Bioinformatics and Systems Biology, Justus-Liebig-University Giessen, Giessen, Germany.
Department of Computer and Information Sciences, University of Delaware, Newark, Delaware.
Biotechnol Bioeng. 2018 Aug;115(8):2087-2100. doi: 10.1002/bit.26722. Epub 2018 May 29.
Accurate and complete genome sequences are essential in biotechnology to facilitate genome-based cell engineering efforts. The current genome assemblies for Cricetulus griseus, the Chinese hamster, are fragmented and replete with gap sequences and misassemblies, consistent with most short-read-based assemblies. Here, we completely resequenced C. griseus using single molecule real time sequencing and merged this with Illumina-based assemblies. This generated a more contiguous and complete genome assembly than either technology alone, reducing the number of scaffolds by >28-fold, with 90% of the sequence in the 122 longest scaffolds. Most genes are now found in single scaffolds, including up- and downstream regulatory elements, enabling improved study of noncoding regions. With >95% of the gap sequence filled, important Chinese hamster ovary cell mutations have been detected in draft assembly gaps. This new assembly will be an invaluable resource for continued basic and pharmaceutical research.

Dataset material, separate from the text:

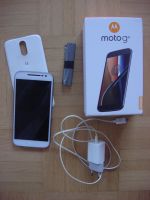 Lenovo Moto G4 Smartphone 16 GB 5.5 Zoll weiß LTE Handy ohne Akku Hannover - Bothfeld-Vahrenheide Vorschau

准确和完整的基因组序列对于生物技术至关重要,有助于基于基因组的细胞工程。中国仓鼠的当前基因组组装是碎片化的,充满了缺口序列和错误组装,这与大多数基于短读长的组装一致。在这里,我们使用单分子实时测序完全重新测序了 C. griseus,并将其与基于 Illumina 的组装合并。这比单独使用任何一种技术都产生了更连续和完整的基因组组装,减少了支架数量 >28 倍,122 个最长支架中的 90%序列。现在大多数基因都在单个支架中找到,包括上游和下游调节元件,从而可以更好地研究非编码区域。随着 >95%的缺口序列被填补,在草案组装缺口处检测到了重要的中国仓鼠卵巢细胞突变。这个新的组装将是继续进行基础和药物研究的宝贵资源。